Guest reviewer Janet Butler-McPhee is a proud Nova Scotian and recent transplant to Toronto (but confesses her heart still belongs to NYC). She is the proud newbie mom of one sweet baby girl, and currently on maternity leave from her non-profit communications work in HIV and human rights. Janet spends most of her days making googly eyes at her four-month-old while singing show tunes – always in perfect pitch, of course. She hopes – in a non-pushy way, obviously – that someday her children will appear on Broadway and dazzle the masses, thus fulfilling her own personal dreams. Janet received one pack of Perlimpinpin‘s muslin swaddle blankets.
Full confession: I am a total newbie at this whole mommy thing, with less than four months under my belt at the time of this writing. My desk job in communications probably makes me more qualified to write this review than does my actual mommy experience. But if I’ve learned one thing in my short tenure as mom, it’s that swaddling is key for my baby . . . and my sanity.
I learned how to swaddle straight out of the gate, with an in-depth tutorial from my midwife (shout out to midwives in Ontario – they rock!). Before I even knew if my kid was a willing “swaddle-ee”, I could tie a teddy bear into a swaddle straight jacket like nobody’s business.
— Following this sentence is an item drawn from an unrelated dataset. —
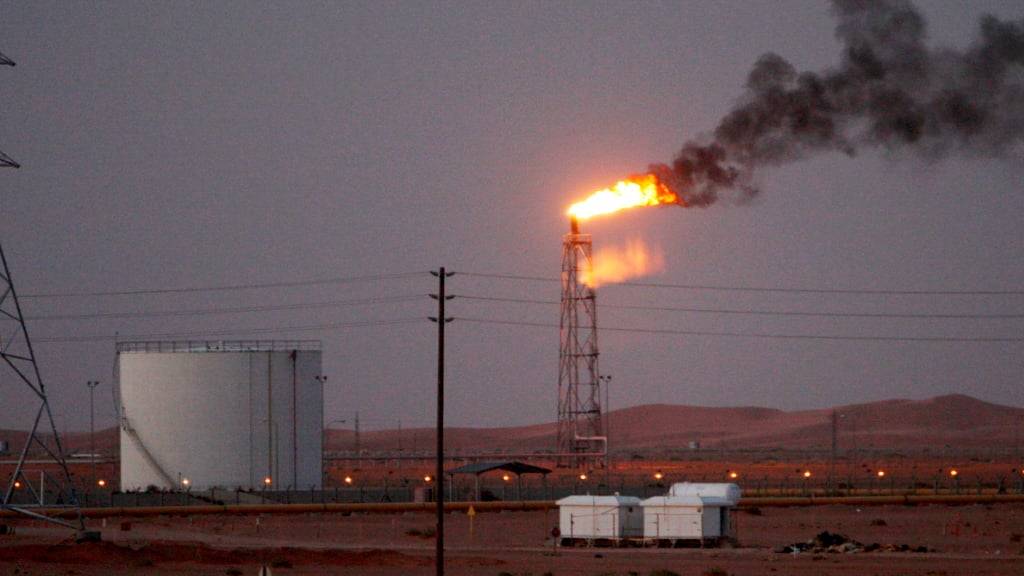 Der Angriff Israels auf den Iran führt unter anderem auch zu steigenden Ölpreisen. De Preis der Nordseesorte Brent kletterte in der Nach um über 10 Prozent in die Höhe.(Symbolbild)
As it turns out, Miss Maeve loves to be swaddled. Nay, needs to be swaddled. It’s basically the only way I can get her to sleep and, as such, is the single most important parenting strategy I’ve learned to date. But I’ve also learned the hard way that a good swaddling job lives and dies by the quality of the swaddling blanket. It is from this vantage point that I set out to review the Perlimpinpin swaddle blankets sent my way by the lovely Mommy Gearest.
Perlimpinpin is an award-winning Quebec-based company, and I am always thrilled to support Canadian-made products. At $30 for a set of two 100 per cent cotton muslin blankets, the price is comparable to other premium brands that I’ve used.
I decided to kick gender stereotypes to the curb and order the two-pack of swaddling blankets in “Oiseau Bleu” – I confess I am suffering from pink fatigue, though “Lion Rose” (the “female” option) was nice enough. The blue and grey-brown designs I received were sweet and simple: one a nice geometric design and the other decorated with little birdies. Super cute, and since Miss Maeve can’t tell me her taste just yet, these suited me just fine.
After several washings, the Perlimpinpin swaddles still looked quite new with no fading whatsoever.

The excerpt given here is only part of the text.